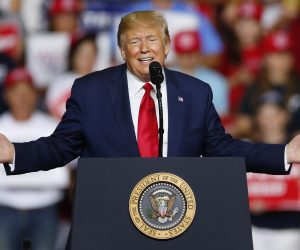 epa07775679 United States President Donald J. Trump speaks during a rally inside the Southern New Hampshire University Arena in Manchester, New Hampshire, USA 15 August 2019. The Nation's first Presidential Primary will take place in New Hampshire in 180 days on 11 February 2020.  EPA/CJ GUNTHER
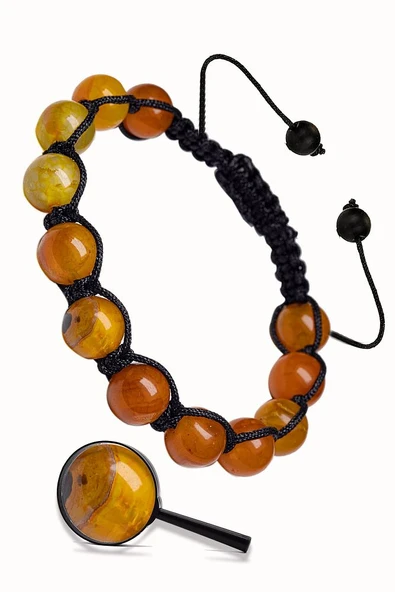 Sertifikalı Makrome Turuncu Akik Taşı Doğal Taş Bileklik - Resim 2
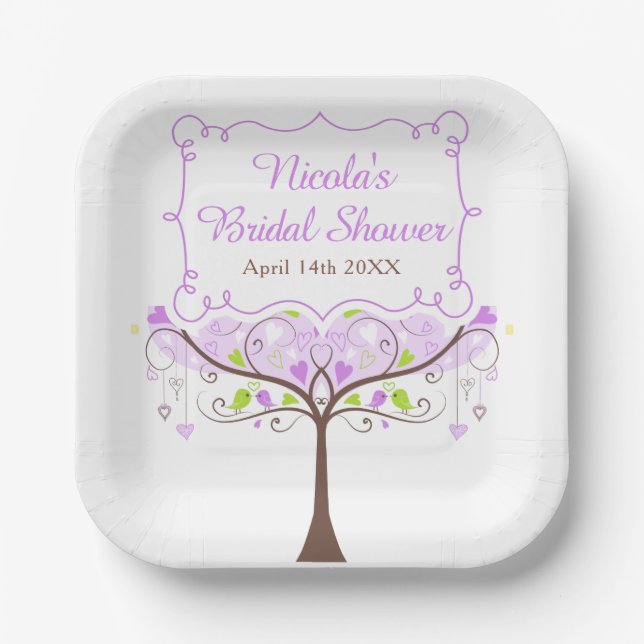 Purple & Green Floral Bird Bridal Shower  Paper Plate (Front)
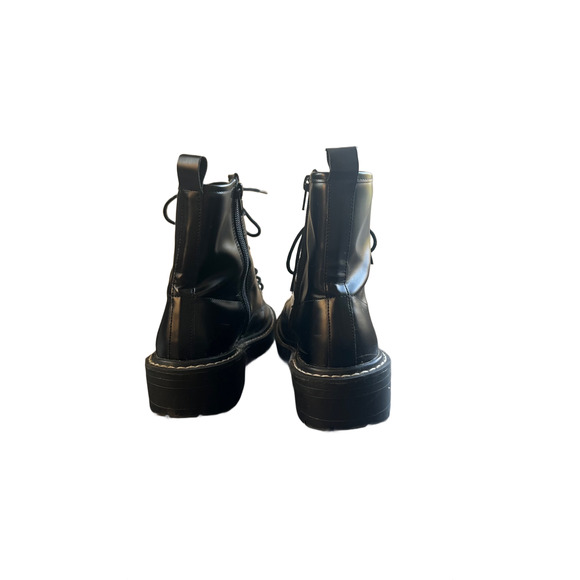 Black Lace Platform Boots Size 8 - Picture 4 of 4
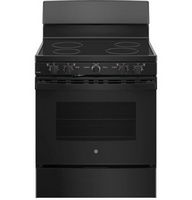 GE - 5 Cu. Ft. Freestanding  Electric Range with Self-Cleaning and Dual-Element Bake - Black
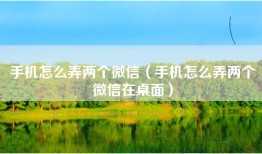 手机怎么弄两个微信（手机怎么弄两个微信在桌面）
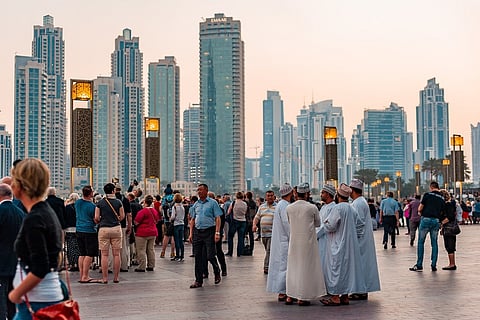 People gathering at a public place in UAE's Dubai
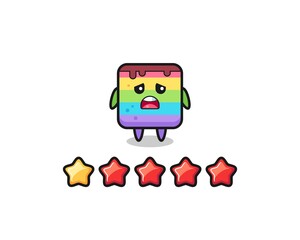 the illustration of customer bad rating, rainbow cake cute character with 1 star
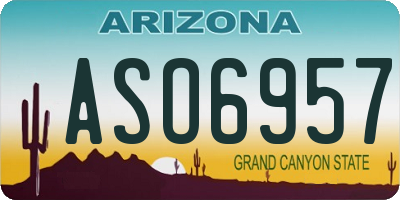 AZ license plate ASO6957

※ ※ ※

# How to complete this task:
Extract the run of lines from the line holding "手机怎么弄两个微信（手机怎么弄两个微信在桌面）" through the final line of the material above, exactly and inclusively. Leave the pictures behind.

# Written reply:
 手机怎么弄两个微信（手机怎么弄两个微信在桌面）
 People gathering at a public place in UAE's Dubai
 the illustration of customer bad rating, rainbow cake cute character with 1 star
 AZ license plate ASO6957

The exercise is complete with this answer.